== Data

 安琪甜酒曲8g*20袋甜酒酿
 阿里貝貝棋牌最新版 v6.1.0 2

====
== Data

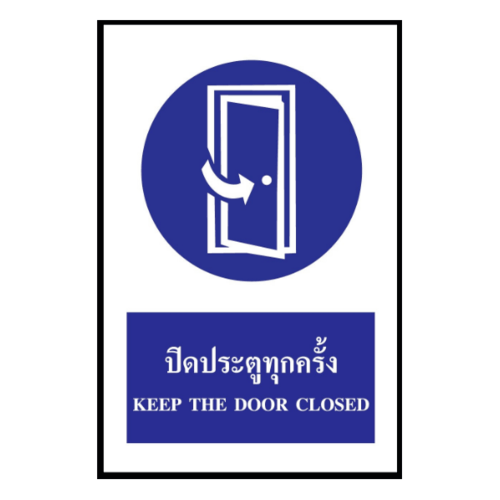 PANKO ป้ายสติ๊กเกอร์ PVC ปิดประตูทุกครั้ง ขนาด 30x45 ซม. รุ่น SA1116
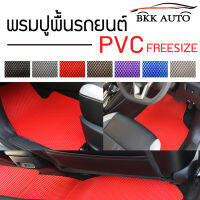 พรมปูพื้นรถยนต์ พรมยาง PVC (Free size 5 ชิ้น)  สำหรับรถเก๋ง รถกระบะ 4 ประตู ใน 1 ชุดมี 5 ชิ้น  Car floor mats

====

● **Exercise directions**
Print, exactly and with no pictures, the lines of the listing above starting at the one that has "PANKO ป้ายสติ๊กเกอร์ PVC" and ending at the one that has "พรมปูพื้นรถยนต์ พรมยาง PVC", both included.

● **Answer box**
 PANKO ป้ายสติ๊กเกอร์ PVC ปิดประตูทุกครั้ง ขนาด 30x45 ซม. รุ่น SA1116
 พรมปูพื้นรถยนต์ พรมยาง PVC (Free size 5 ชิ้น)  สำหรับรถเก๋ง รถกระบะ 4 ประตู ใน 1 ชุดมี 5 ชิ้น  Car floor mats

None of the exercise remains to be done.